Why do neutron stars with more mass have smaller volume?

The key point is that the Heisenberg principle restricts the number of particles in a (hyper)-volume of phase space rather than a volume of plain 'ole physical space.

That is, there can be at most two neutrons in a (hyper-)box defined by a volume in physical space times a volume in momentum space.

But the kinetic energy of a particle depends on it's momentum.

Neutron stars stop collapsing when, in order to fit all the particles into less physical space you would have to give some of them enough more momentum that the change costs more added kinetic energy that you get back in gravitational energy.

When you add more mass the amount of gravitational energy you get from a particular change in radius increases, so you can afford to move neutrons to higher momentum in order to fit them into less physical space.


You can actually see a similar phenomena at work in the sizes of some atoms: higher Z atoms (with more electrons) can take up less space than lower Z atoms (with fewer). Because more protons in the nucleus means you get more energy from moving the electrons inward and can therefore afford to have them at higher momentum.


Try this argument.

To be in hydrostatic equilibrium, the pressure gradient inside a star must equal (minus) the density multiplied by the gravitational field $$ \frac{dP}{dr} = - \rho g$$

If we take the average pressure gradient to be $-P_c/R$, where $R$ is the stellar radius and $P_c$ is the central pressure, then this will roughly be equal to average density multiplied by the average gravitational field. So in proportionality terms $$ \frac{P_c}{R} \sim \frac{M}{R^3}\frac{M}{R^2}\, ,$$ where $M$ is the stellar mass and thus $$ P_c \sim M^2 R^{-4} \tag*{(1)}$$

The relationship between mass and radius will depend on what provides the pressure.

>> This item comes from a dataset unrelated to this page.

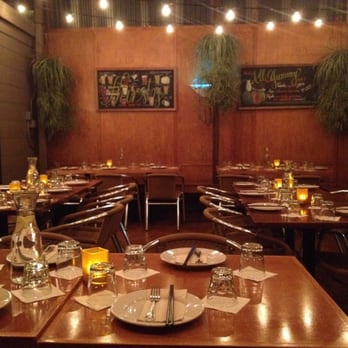 B Star - Back room. - Burmese Near Me - San Francisco, California B Star - Back room. - Burmese Near Me - San Francisco, California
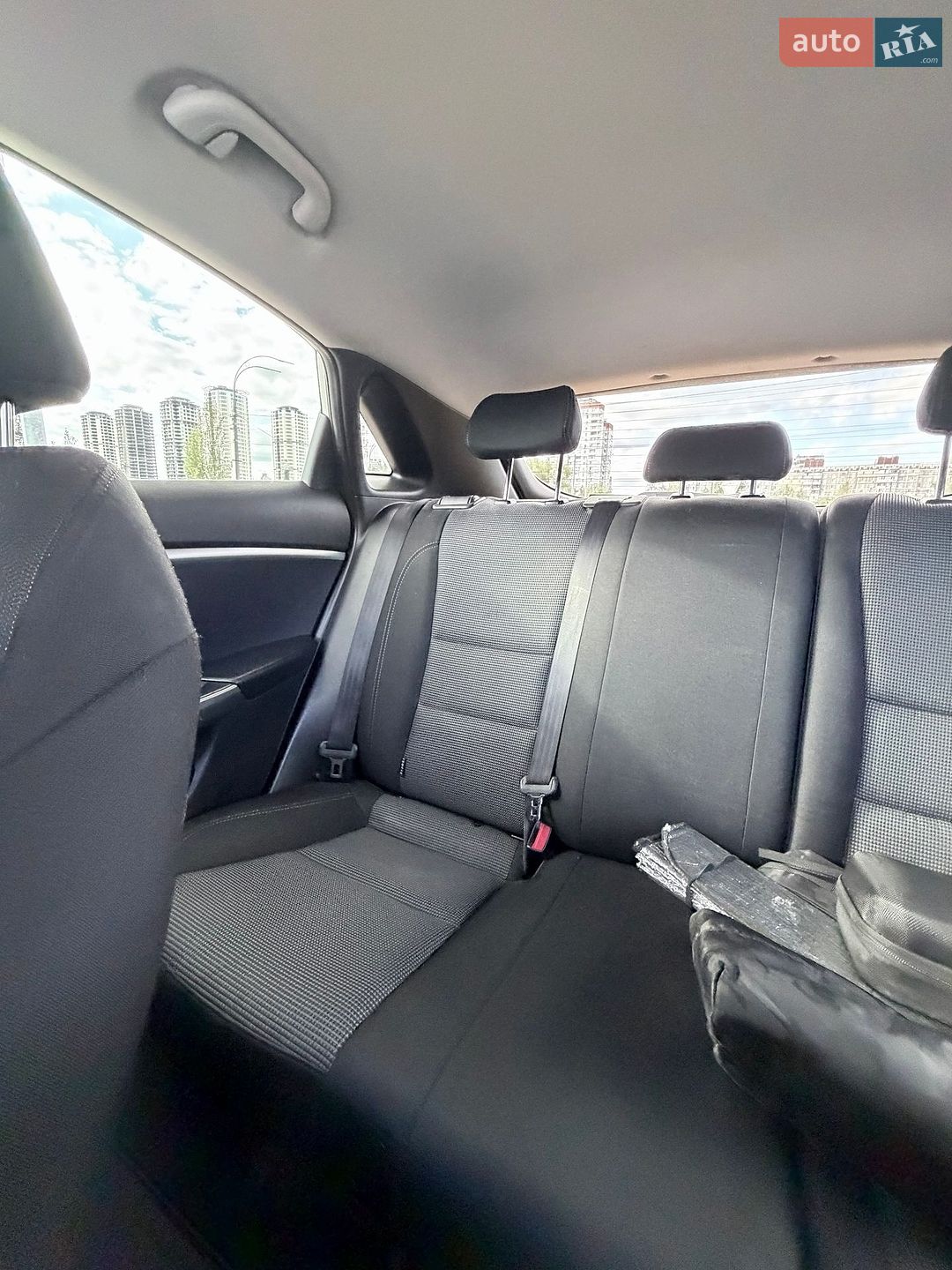 Hyundai i30 2012 VIN TMAD251BBDJ076030 фото оголошення 55 з 55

If it is perfect gas pressure (in a non-degenerate star), then $P_c \propto \rho T \sim MT/R^3$. But in a main sequence star, the core temperature is roughly fixed, because hydrogen burning has a strong temperature dependence and hardly changes as the mass changes. Thus we have from eqn (1): $$ P_c \sim MR^{-3} \propto M^2 R^{-4}$$ $$ \rightarrow \ \ \ \ R \propto M $$

Now consider (non-relativistic) degeneracy pressure. This scales as $\rho^{5/3}$ and is independent of temperature. Thus $P_c \propto M^{5/3} R^{-5}$. Putting this into eqn (1): $$P_c \sim M^{5/3} R^{-5} \propto M^2 R^{-4}$$ $$ \rightarrow \ \ \ \ R \propto M^{-1/3} $$

Note that real neutron stars are not governed by the ideal equation of state for degenerate neutrons. Neutrons in fact are strongly intercting particles when compressed to separations of $\sim 10^{-15}$ m. The interaction is repulsive and leads to a "hardening" of the equation of state, such that $P_c \sim \rho^2 \propto M^2 R^{-6}$. If we put this into equation (1) we find that there is only one value of $R$ that will satisfy the equation. i.e. That the radius does not depend on mass. If you look at many examples of theoretical mass-radius relations for neutron stars you will see that there usually is a range of masses for which the radius is nearly constant.